DLL Wrapper

dll_wrapper is a Mythic wrapper payload that takes an existing Mythic payload built as raw shellcode and emits a native Windows DLL.

Build Options

• execute_in_dllmain: execute the wrapped shellcode from DllMain on DLL_PROCESS_ATTACH.
• export_names: one or more exported function names to execute the shellcode when execute_in_dllmain is disabled.
• execution_method: shellcode execution backend. Current backends are CreateThread (Execution), QueueUserAPC (Execution), and EarlyBird (Injection).
• target_process_path: Target Process Path used by injection backends to spawn a child process.
• architecture: compile an x64 or x86 DLL. The DLL architecture must match the wrapped shellcode.

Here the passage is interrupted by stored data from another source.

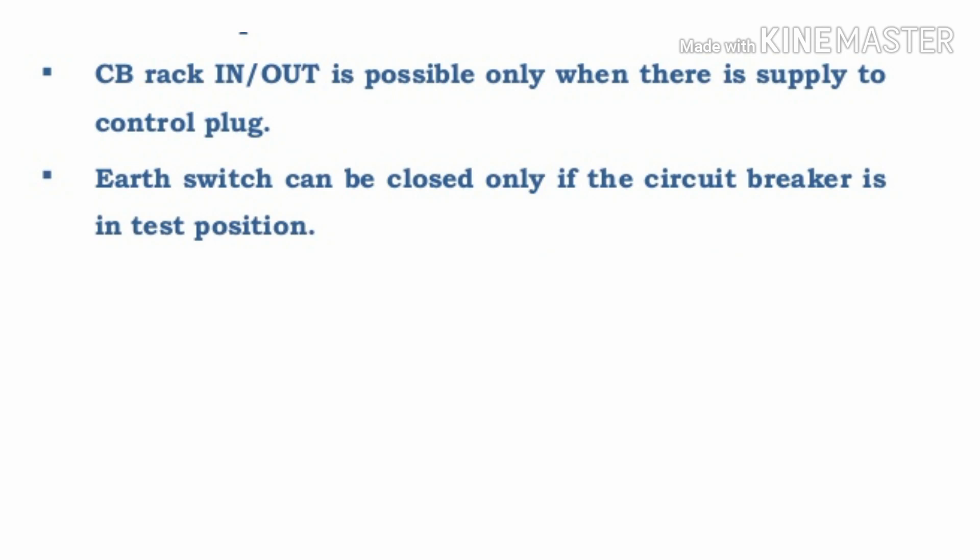The fourth interlock: the earth switch can be closed only if the circuit breaker is in test position. If the circuit breaker is in service position, you cannot close the earth switch. That is the interlocking.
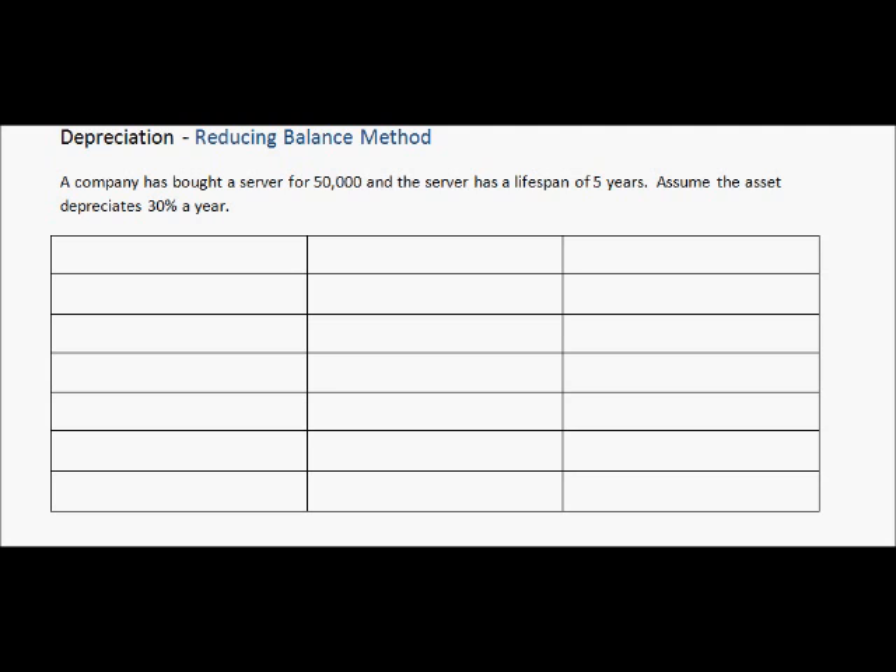The first thing you do is create a table with three columns. The column titles are: Year, Depreciation — so the amount it depreciates — and Book Value. Book value represents how much the asset is worth, and this is what is shown on the balance sheet. The number of rows depends on the lifespan of the item. I've also added Year Zero to show how it works from the start.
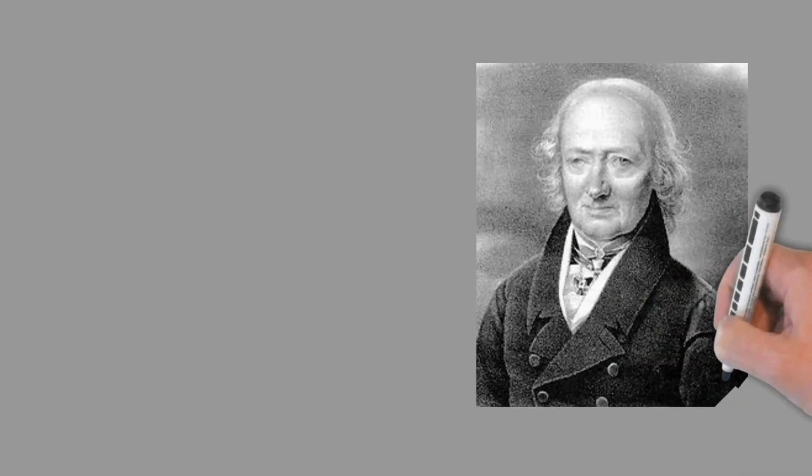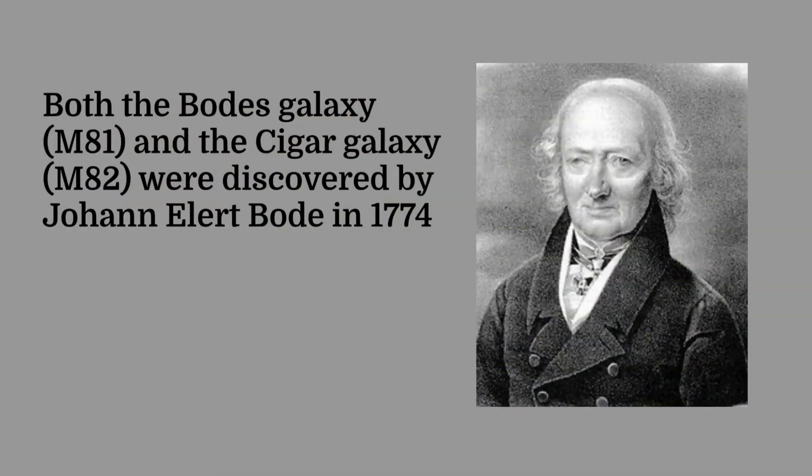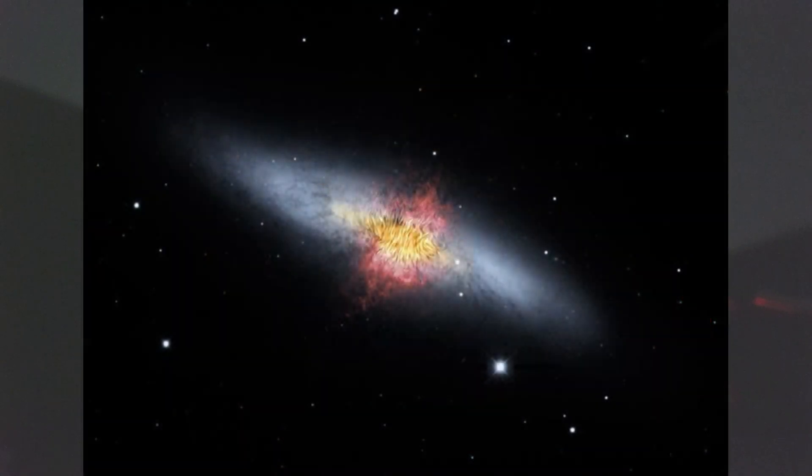These galaxies weren't originally called M81 and M82. A few years before Charles Messier got his hands on them, they were discovered by a chap called Johan Bode, and M81 is commonly called Bode's Galaxy. He also discovered M82, and that's commonly called the Cigar Galaxy — not because it was discovered by Mr. or Mrs. Cigar, but because it looks like a cigar.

How to install an agent in this format within Mythic

When it's time for you to test out your install or for another user to install your agent, it's pretty simple. Within Mythic you can run the mythic-cli binary to install this in one of three ways:

• sudo ./mythic-cli install github https://github.com/user/repo to install the main branch
• sudo ./mythic-cli install github https://github.com/user/repo branchname to install a specific branch of that repo
• sudo ./mythic-cli install folder /path/to/local/folder/cloned/from/github to install from an already cloned down version of an agent repo

Extending Execution Methods

Execution backends live in Payload_Type/dll_wrapper/dll_wrapper/agent_code/execution_methods/ and are selected by the Python builder in Payload_Type/dll_wrapper/dll_wrapper/builder.py.

To add a backend:

1. Add a C++ implementation in agent_code/execution_methods/.
2. Add its function declaration to agent_code/execution_methods.h.
3. Add a case to agent_code/execution_methods.cpp.
4. Add a UI choice to EXECUTION_METHODS in builder.py.